§ **Exercise objective**: Below are entries; copy exactly the lines from the one with "bathroom featuring vanity" through the one with "Bezrukávový polokošeľa v", both included, and leave out the rest.

§ **The data**:
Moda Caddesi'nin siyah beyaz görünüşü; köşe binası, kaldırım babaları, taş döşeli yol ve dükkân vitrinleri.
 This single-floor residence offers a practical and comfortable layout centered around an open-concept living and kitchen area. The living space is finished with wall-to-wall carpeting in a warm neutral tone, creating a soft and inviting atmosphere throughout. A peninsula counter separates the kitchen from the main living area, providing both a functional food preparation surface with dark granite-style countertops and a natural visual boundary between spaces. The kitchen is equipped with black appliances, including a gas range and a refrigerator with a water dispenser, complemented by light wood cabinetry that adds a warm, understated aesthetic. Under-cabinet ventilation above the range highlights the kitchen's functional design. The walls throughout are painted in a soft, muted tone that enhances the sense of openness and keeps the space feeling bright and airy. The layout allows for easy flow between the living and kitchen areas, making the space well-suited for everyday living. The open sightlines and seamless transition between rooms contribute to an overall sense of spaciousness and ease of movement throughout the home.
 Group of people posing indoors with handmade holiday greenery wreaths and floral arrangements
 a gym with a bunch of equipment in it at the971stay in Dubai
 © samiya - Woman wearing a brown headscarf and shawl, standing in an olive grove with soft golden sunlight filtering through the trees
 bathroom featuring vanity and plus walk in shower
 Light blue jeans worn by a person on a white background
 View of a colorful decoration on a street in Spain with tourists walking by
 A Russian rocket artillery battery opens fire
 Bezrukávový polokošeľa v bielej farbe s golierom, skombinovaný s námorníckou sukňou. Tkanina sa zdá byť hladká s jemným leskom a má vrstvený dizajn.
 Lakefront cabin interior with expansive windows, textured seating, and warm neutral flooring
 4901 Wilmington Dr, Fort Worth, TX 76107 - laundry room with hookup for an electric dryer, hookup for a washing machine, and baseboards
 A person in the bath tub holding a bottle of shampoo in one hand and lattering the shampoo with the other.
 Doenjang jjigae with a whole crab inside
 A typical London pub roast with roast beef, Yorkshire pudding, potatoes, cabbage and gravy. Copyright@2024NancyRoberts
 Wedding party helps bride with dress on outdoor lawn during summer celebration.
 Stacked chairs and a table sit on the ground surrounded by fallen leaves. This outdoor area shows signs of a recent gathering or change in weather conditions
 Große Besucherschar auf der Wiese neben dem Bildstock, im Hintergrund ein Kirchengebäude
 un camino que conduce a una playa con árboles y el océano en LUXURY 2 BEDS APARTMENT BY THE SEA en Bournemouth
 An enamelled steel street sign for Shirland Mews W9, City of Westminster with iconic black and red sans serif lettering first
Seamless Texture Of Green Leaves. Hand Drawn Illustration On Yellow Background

§ **Response area**:
 bathroom featuring vanity and plus walk in shower
 Light blue jeans worn by a person on a white background
 View of a colorful decoration on a street in Spain with tourists walking by
 A Russian rocket artillery battery opens fire
 Bezrukávový polokošeľa v bielej farbe s golierom, skombinovaný s námorníckou sukňou. Tkanina sa zdá byť hladká s jemným leskom a má vrstvený dizajn.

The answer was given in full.